Chen Anthony G, Benrimoh David, Parr Thomas, Friston Karl J
Department of Physiology, McGill University, Montreal, QC, Canada.
Department of Psychiatry, McGill University, Montreal, QC, Canada.
Front Artif Intell. 2020 Sep 3;3:69. doi: 10.3389/frai.2020.00069. eCollection 2020.
This paper offers a formal account of policy learning, or habitual behavioral optimization, under the framework of Active Inference. In this setting, habit formation becomes an autodidactic, experience-dependent process, based upon what the agent sees itself doing. We focus on the effect of environmental volatility on habit formation by simulating artificial agents operating in a partially observable Markov decision process.

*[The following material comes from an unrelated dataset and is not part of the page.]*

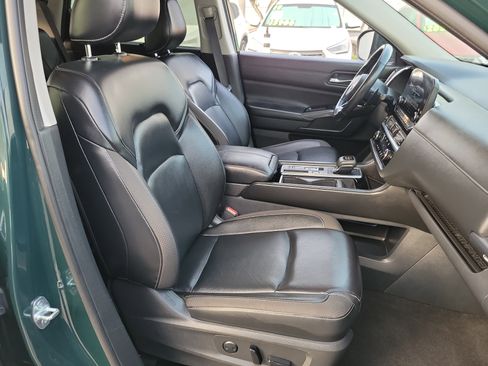 Used 2023 Nissan Pathfinder SL image 19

Specifically, we used a "two-step" maze paradigm, in which the agent has to decide whether to go left or right to secure a reward. We observe that in volatile environments with numerous reward locations, the agents learn to adopt a generalist strategy, never forming a strong habitual behavior for any preferred maze direction. Conversely, in conservative or static environments, agents adopt a specialist strategy; forming strong preferences for policies that result in approach to a small number of previously-observed reward locations. The pros and cons of the two strategies are tested and discussed. In general, specialization offers greater benefits, but only when contingencies are conserved over time. We consider the implications of this formal (Active Inference) account of policy learning for understanding the relationship between specialization and habit formation.
本文在主动推理框架下,对政策学习或习惯性行为优化进行了形式化阐述。在这种情况下,习惯形成成为一个基于主体自身行为观察的自我学习、依赖经验的过程。我们通过模拟在部分可观测马尔可夫决策过程中运行的人工主体,来关注环境波动性对习惯形成的影响。具体而言,我们使用了“两步”迷宫范式,其中主体必须决定向左还是向右以获得奖励。我们观察到,在具有众多奖励位置的波动环境中,主体学会采用通才策略,不会为任何偏好的迷宫方向形成强烈的习惯行为。相反,在保守或静态环境中,主体采用专才策略;对导致接近少数先前观察到的奖励位置的策略形成强烈偏好。我们对这两种策略的优缺点进行了测试和讨论。一般来说,专业化带来更大的好处,但前提是偶然性随时间保持不变。我们考虑了这种政策学习的形式化(主动推理)阐述对于理解专业化与习惯形成之间关系的意义。